1. 一橋大学社会科学部とは?
一橋大学社会学部は、定員235名の学部であり、商学部・経済学部(定員275名)より、
1回り小さく、法学部(170名)よりは若干人数が多い学部である。
一橋大学社会学部の特徴は、法学部に所属することが多い、政治学科を包含している点である。名称は「社会科学部」であるが、研究領域は哲学・思想から歴史・人類学まで幅広くカバーし、私立大学における社会科学部よりも広い守備範囲となっている。
また、女子学生の比率が45%と、他学部(20~30%)と比べて高くなっている点が特色である。
難易度的には、他学部と比べて偏差値的にはほとんど変わらないのであるが、就職は若干弱いのではないかと考えられている。
そこで、一橋大学社会科学部の具体的な就職状況について検討したい。
なお、一橋大学の他学部の就職状況については、以下の過去記事をご参照下さい。
<一橋大学経済学部の就職と課題>
https://career21.jp/2019-08-19-081836
<一橋大学法学部の就職と課題(但し、2018/3卒業生対象)>
https://career21.jp/2018-12-18-070107
<一橋大学商学部の就職と課題(但し、2018年3月卒業生対象)>
https://career21.jp/2018-12-31-002951
2. 一橋大学社会科学部の進路の概要
一橋大学の進路については学部によって情報開示が異なる。
大学公式HPはデータが更新されていないが、社会科学部の場合、例年20人位が大学院に進学する。

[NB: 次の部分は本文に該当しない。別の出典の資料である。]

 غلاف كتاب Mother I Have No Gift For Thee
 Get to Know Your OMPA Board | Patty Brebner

このため、就職者数は210人程度であるが、このうち10人位が公務員になるので(公務員になる者の比率は低い)、例年約200名が民間企業に就職している。
業種別で見ると、金融機関への就職者数が20人程度であり、就職者の1割程度である。
経済学部や商学部の場合、就職者の約3割位が金融機関に就職するので、社会科学部における金融シェアは圧倒的に低い。

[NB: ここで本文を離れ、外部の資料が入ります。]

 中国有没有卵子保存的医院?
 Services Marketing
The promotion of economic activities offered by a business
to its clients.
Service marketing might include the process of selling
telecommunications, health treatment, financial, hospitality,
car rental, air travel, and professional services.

他方、製造業には70人位、比率でいうと約3割が就職し、他学部と比べて最も製造業への就職者比率が高い学部となっている。
一橋大学社会科学部の特徴は、金融機関の比率が低く、製造業の比率が高い。
これが他学部と比べた、社会科学部の特徴である。
3. 一橋大学社会科学部の就職先について
一橋大学の場合、大手金融機関(除く専門職採用)や大手メーカーの場合、ほぼフリーパスで内定をもらうことができる。
この点は、東大や早慶と基本的に同様であり、一橋大学社会科学部が他学部と比べて、就職が悪いということはない。

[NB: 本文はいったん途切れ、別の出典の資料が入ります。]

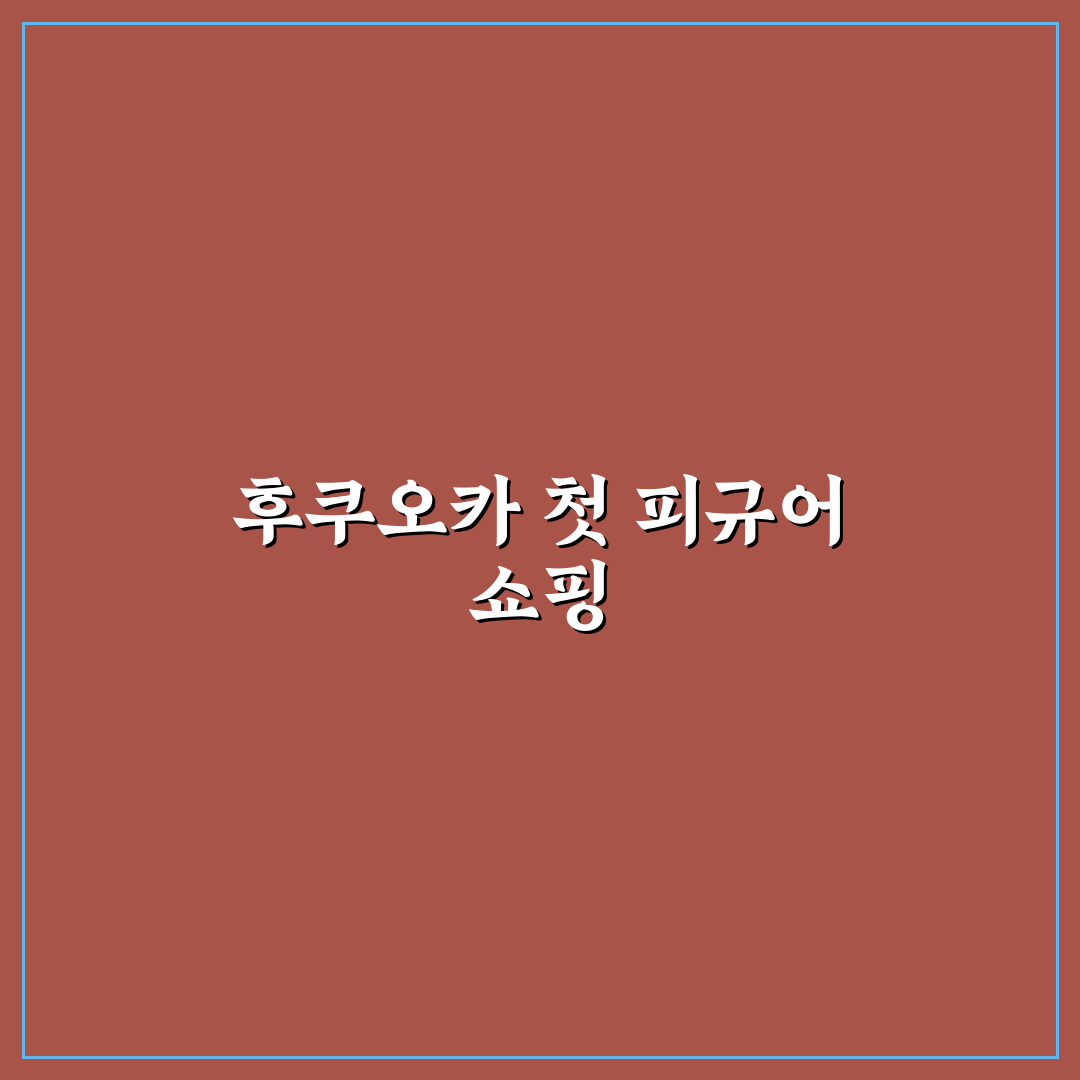 후쿠오카 피규어샵 방문 후기, 다양한 상품 구경해보니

他方、外銀、外コン、キー局、マスコミ、デベロッパーあたりについては、内定をもらうことは難しい。この点も、他の難関大学と同様である。
従って、一橋大学社会科学部について、その特徴的な業界や企業への就職状況について検討してみる。
①マスコミへの就職状況について
一橋大学社会科学部の場合、他学部と比べて、マスコミへの就職希望者が多いと言われている。実際、毎年20人、比率でいうと1割程度がマスコミに就職している。
(他学部は10人未満)
2019/3卒業生についての就職状況を見ると、以下の様なマスコミに就職している。
共同通信、読売新聞(3名)、KADOKAWA、講談社、NHK(4名)、日経新聞、ADK、博報堂、地方紙、地方テレビ局他
電通やキー局への就職者が見られず、他学部と比較して、マスコミへの就職が特段強いというわけでは無さそうである。
②総合商社への就職状況について
一橋大学社会科学部から総合商社への就職者数は、例年十数人程度であり、経済学部や商学部と比較すると、若干低くなっている。
2019/3卒業生の場合、三菱商事(3名)、三井物産、住友商事等、他学部同様に総合商社に就職しているので、総合商社への就職力が弱いということは無さそうである。
③外銀、外コンその他
一橋大学社会科学部の2019/3卒業生に関して、外銀への就職者は見当たらない。
コンサルについては、PwCコンサルティング、アビームコンサルティング、ベイカレントコンサルティングといった総合系ファームへの実績はあるが、いわゆるMBBは見当たらない。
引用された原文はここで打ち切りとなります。